Carsten Neß: Der Artikel beim Kooperationspartner Trierischer Volksfreund hat mich auf den Krimiwettbewerb vor fünf Jahren aufmerksam gemacht. Für mich war dies der Anstoß, den lange gehegten Gedanken, das Schreiben zu probieren, in die Tat umzusetzen.

Gab es einen großen Druck, nach dem Debüt nachlegen zu müssen oder ist es Ihnen eher leicht gefallen, einen neuen Fall für Kommissar Buhle zu finden?

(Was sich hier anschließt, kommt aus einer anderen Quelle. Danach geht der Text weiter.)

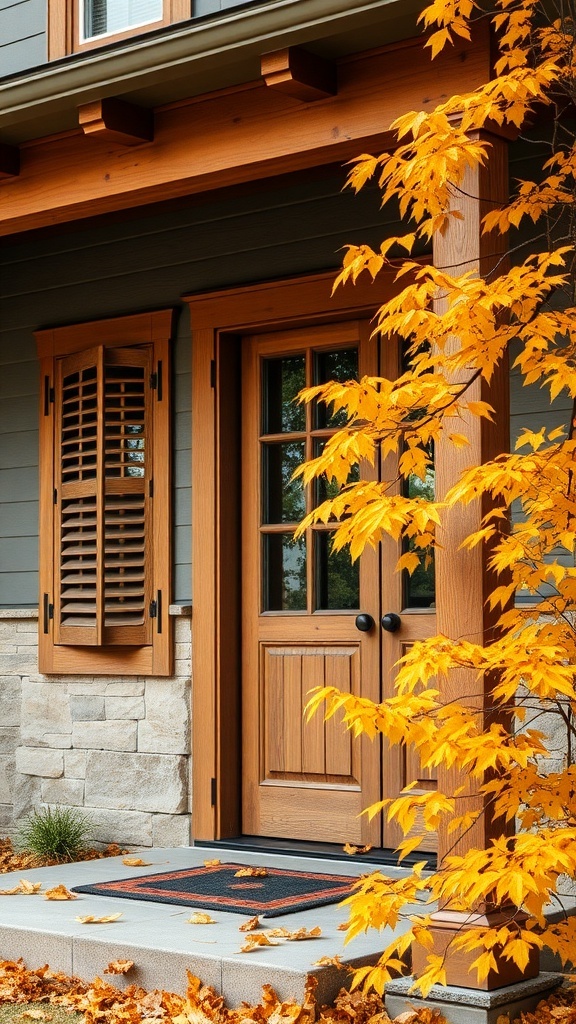 A cozy house entrance featuring a wooden door and shutters, surrounded by autumn leaves.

Nach dem Erfolg mit dem Debütroman war ich tatsächlich unsicher, ob es noch einmal gelingen könnte. Zudem wollte ich gerne zeitnah "nachlegen". Beides hat auch einen gewissen Druck erzeugt. Buhles zweiten Fall zu konzipieren, war aber kein Problem. Es gibt ja sooo viele Möglichkeiten in unserer Region kriminell zu sein (lacht). 

Wo kommen Ihnen die besten Ideen und gibt es die perfekte Atmosphäre fürs Schreiben? Das alles neben Ihrem eigentlichen Beruf als Landespfleger, Familienleben und sonstigen Verpflichtungen unter einen Hut zu bekommen, dürfte nicht so leicht sein.

Die Ideen kommen eigentlich zu jeder Zeit und an jedem Ort. Es ist häufig nur ein Problem, sie festzuhalten, wenn die Beschäftigung gerade eine andere ist.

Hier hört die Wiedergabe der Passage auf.